-- Problem statement --
Every line of the data below is to be given again as it appears, with the images removed.
[[ Raw data open ]]
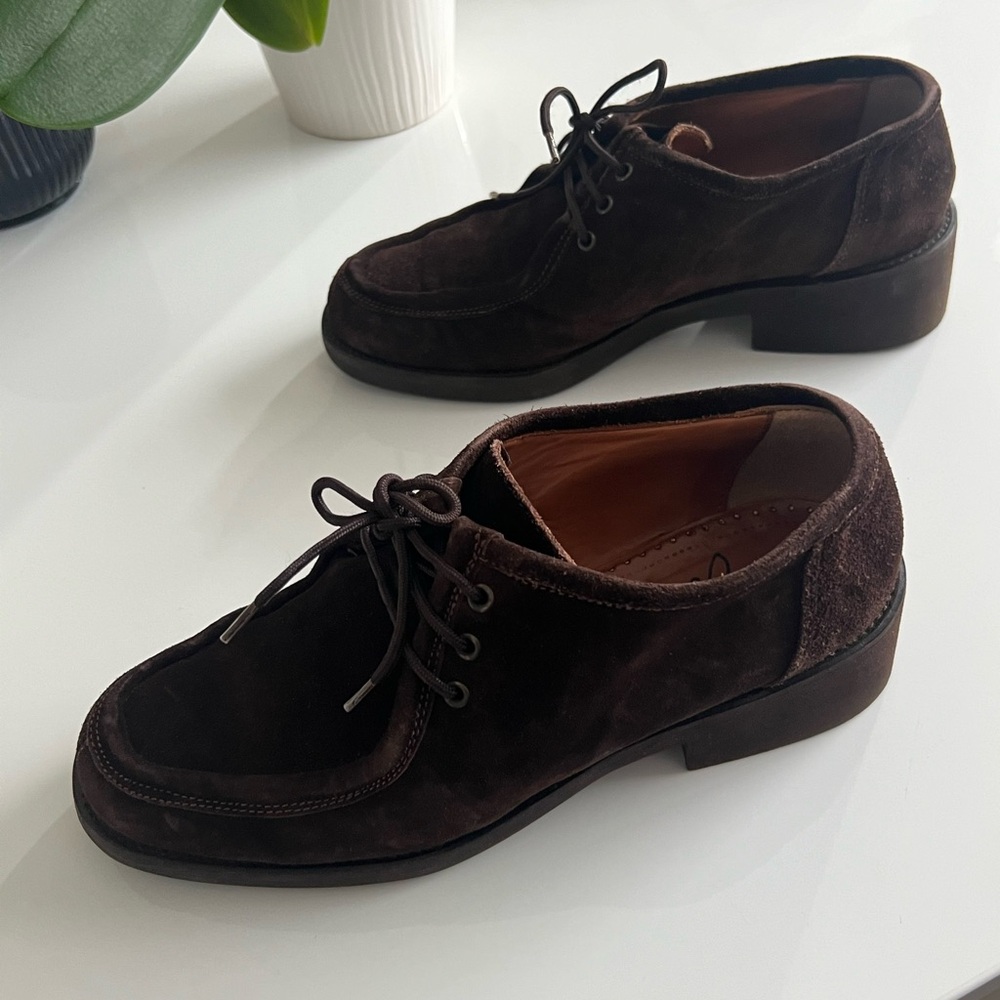 RARE VINTAGE Joan Helpern Brown Suede Laced Loafers Derbys 90s Y2K Joan & David - Picture 3 of 11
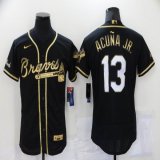 Nike Atlanta Braves #13 Ronald Acuna Jr. dark gold majestic baseball jersey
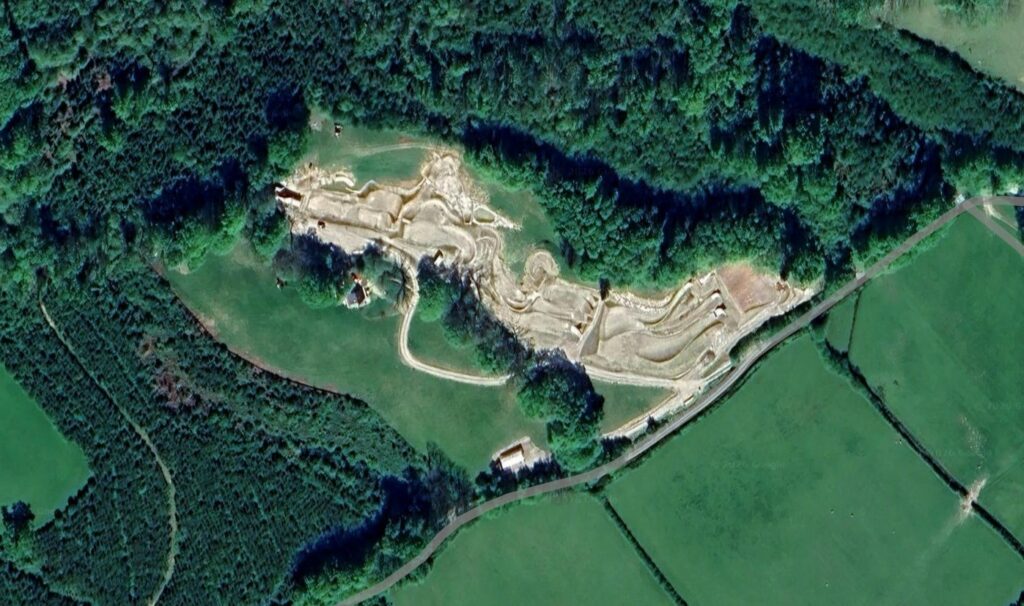 Satellite image of Mae Loonskie mountain bike track, Wales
[[ Raw data closed ]]
-- Task response --
 RARE VINTAGE Joan Helpern Brown Suede Laced Loafers Derbys 90s Y2K Joan & David - Picture 3 of 11
 Nike Atlanta Braves #13 Ronald Acuna Jr. dark gold majestic baseball jersey
 Satellite image of Mae Loonskie mountain bike track, Wales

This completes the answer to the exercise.